Medical metrology

Modern healthcare relies to an ever increasing extent on quantitative measurements. Many of these measurements are made on blood and tissue samples in externally accredited medical testing laboratories where great care is exercised to control the quality of the measurements. However, a rapidly increasing number of (mostly physical) measurements are made in clinicians’ offices, patients’ homes, nursing homes, hospital wards, intensive care units and operating theatres where quality control is sometimes less than thorough or even non-existent. Diagnosis, treatment and follow up often depend strongly on these physical measurements, and it is important that the quality control is adequate and fit for purpose.

It is well known that medical errors are a major cause of morbidity and mortality, in both ambulatory (outpatient) settings and in hospitals. Measurement error, however, is very seldom considered as a possible factor contributing to medical errors. Metrologists know that when measurement systems are not properly maintained and calibrated, sooner or later the measurements become misleading.

We find it difficult to understand why a society that is prepared to pay good money to ensure that devices such as supermarket scales and fuel dispensers are regularly inspected and traceably calibrated is reluctant to require similar quality control of medical devices such as sphygmomanometers  (blood pressure monitors), spirometers (lung function testing devices) and tonometers (eye pressure measuring devices).

Links to selected studies we have published on metrological and related issues in medicine are provided below. A major objective of these studies is to demonstrate the sensitivity of medical decisions to errors in physical measurements, and hence provide evidence to motivate for good quality control.

Please contact us to request reprints of any of these articles.

Effects of systematic errors in blood pressure measurements on the diagnosis of hypertension
An mathematical study showing that if a clinician wishes to limit over- and under-detection of systolic hypertension to less than 20%, her sphygmomanometer should not systematically over- or under-read by more than 3 mm Hg. 

Lack of sphygmomanometer calibration causes over- and under-detection of hypertension – a computer simulation study.
A Monte Carlo simulation of the measurement of the blood pressure of all Australian adults using calibrated and uncalibrated sphygmomanometers, showing substantial over-and under-detection of hypertension when
sphygmomanometers are uncalibrated. Random variations in blood pressure were included in the simulations.

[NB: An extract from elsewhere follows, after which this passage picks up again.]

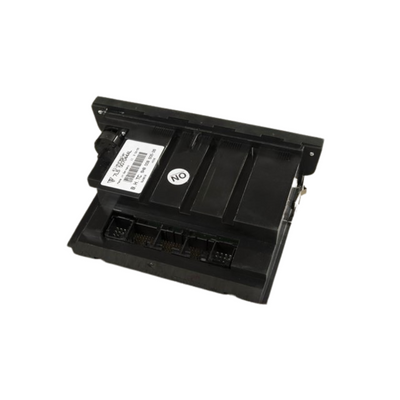 Air Conditioning Control Panel - Cayenne | 2003-2006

Sphygmomanometer calibration – why, how and how often?
A review of sphygmomanometer errors and recommendations regarding in-service maintenance and calibration of sphygmomanometers. Co-authored by a senior metrologist from the National Measurement Institute and a clinician from the Royal Australian College of General Practitioners.

Lax sphygmomanometer standard causes over- and under-detection of hypertension – a computer simulation study.
A Monte Carlo simulation of the measurement of the blood pressure of all Australian adults using sphygmomanometers that comply with present standards, and sphygmomanometers with systematic errors limited to ±1 mm Hg. Results show that systematic sphygmomanometer errors
permitted by the current standard are a preventable cause of clinically significant over- and under-detection of hypertension.

Can we trust automatic sphygmomanometer validations?
A review suggesting that automatic sphygmomanometers, now commonly used to detect, treat and monitor hypertension, should be validated in facilities accredited to ISO 17025 or a similar standard. At present, automatic sphygmomanometers can be validated by anyone against uncalibrated reference sphygmomanometers. 

The quest for accuracy of blood pressure measuring devices
This brief review of automatic sphygomanometer validation concludes that, to protect the public from the serious consequences of inaccurate BP measurements, the following steps are required: (1) regulatory requirement for mandatory independent validation of all BP measuring devices using a universal protocol; (2) accreditation of laboratories for the performance of BP device validations; (3) online evaluation of validation studies with detection of protocol violations prior to publication of results; and (4) establishment of an independent scientific forum for the listing of accurate BP measuring devices.

Potential effects of systematic errors in intraocular pressure measurements on screening for ocular hypertension
A mathematical study showing that systematic errors in measurements of intraocular pressure of ±1 mm Hg may cause an apparent increase in the prevalence of ocular hypertension of 58%, or 34% of individuals with ocular hypertension to be missed. Tonometers should be maintained and calibrated to control systematic errors in IOP to substantially less than ±1 mm Hg.

Review of medical metrology: Lack of quality control of physical medical measurements
A review of metrological quality control of a range of physical medical measurements, concluding that there is a clear, unmet need to lift the quality of physical medical measurements to the standards that pertain in science, industry and trade.